Where I am getting stuck is in actually formally proving that any $x\in(0,1)$ lies in one of these $G_n$'s. My intuition here is that by the use of Archimedean principle, for any $x\in(0,1)$, there exists some $k\in\mathbb{N}$ such that $x>\dfrac{1}{k}$. So, let us choose $k$, for a given $x$, such that $\dfrac{1}{k}<x<\dfrac{1}{k-1}$. Again, since this $k>1$, there exists some $n_0\in\mathbb{N}$ such that $2^{n_0-1}<k<2^{n_0}\implies \dfrac{1}{2^{n_0}}<\dfrac{1}{k}<\dfrac{1}{2^{n_0-1}}$. My claim is that $x\in \left(\dfrac{1}{2^{n_0}},\dfrac{3}{2^{n_0}}\right)$, and approach was to try and prove that $\left(\dfrac{1}{k},\dfrac{1}{k-1}\right)\subseteq \left(\dfrac{1}{2^{n_0}},\dfrac{3}{2^{n_0}}\right)$, but I am unable to proceed ahead from this point.
Any help would be highly appreciated, in either proving or disproving the claim that I make in the last sentence.
Best Answer
You need to show those intervals "continuously overlap". That is for any $k \in \mathbb N$ we have $\frac 1{2^{k+1}} < \frac 1{2^k} < \frac 3{2^{k+1}} < \frac 3{2^k}$. That follows as $\frac 12 < 1 < \frac 32 < 3$.
This means $\cup (\frac 1{2^n},\frac 3{2^n}) = (\lim_{n\to \infty} \frac 1{2^n}, \frac 3{2^1}) = (0, \frac 32)$ and so any $x \in (0,1) \in \cup (\frac 1{2^n},\frac 3{2^n})$
However if you can't use limits in that manner, consider:
Let $x \in (0,1)$. Let $K = \{n\in \mathbb N| \frac 1{2^n} < x\}$. $K$ is non-empty. (Proof: Let $n > \log_2 \frac 1x$, then $n \in K$.)

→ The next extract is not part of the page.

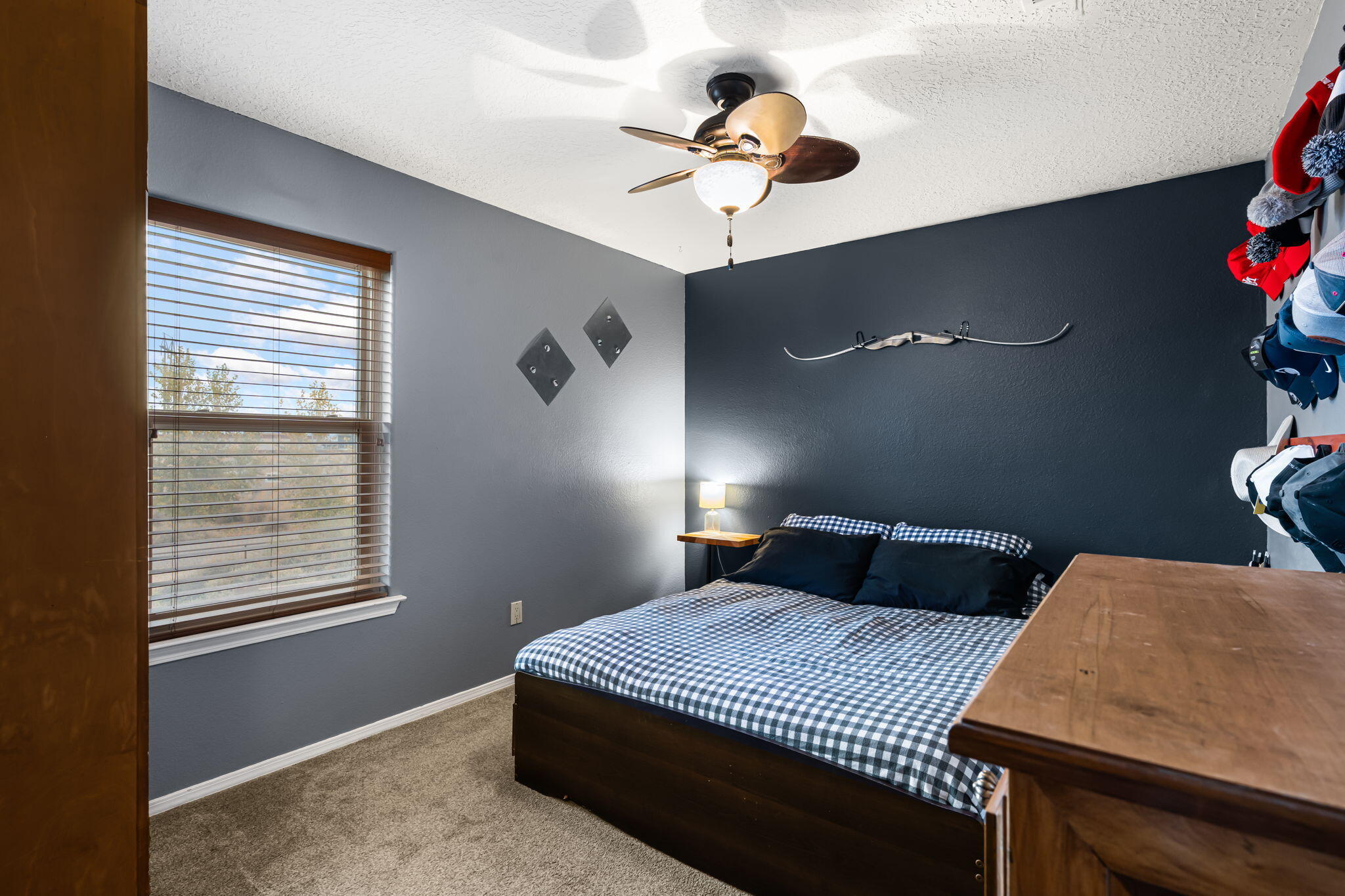 7456 Longview Drive NW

Now the well ordering principle of natural numbers says $K$, being a subset of $\mathbb{N}$, must have a least element $k = \min K; k \in K$ and $k-1 \not \in K$. If $k= 1$ are done $\frac 12 < x < 1 < \frac 32$ so $x \in (\frac 12, \frac 32)$. If $k > 1$ then $k\in K\implies \frac 1{2^k} < x$ and $k-1 \not \in K\implies x \le \frac 1{2^{k-1}} < \frac 3{2^k}$. So $x \in (\frac 1{2^k}, \frac 3{2^k})$.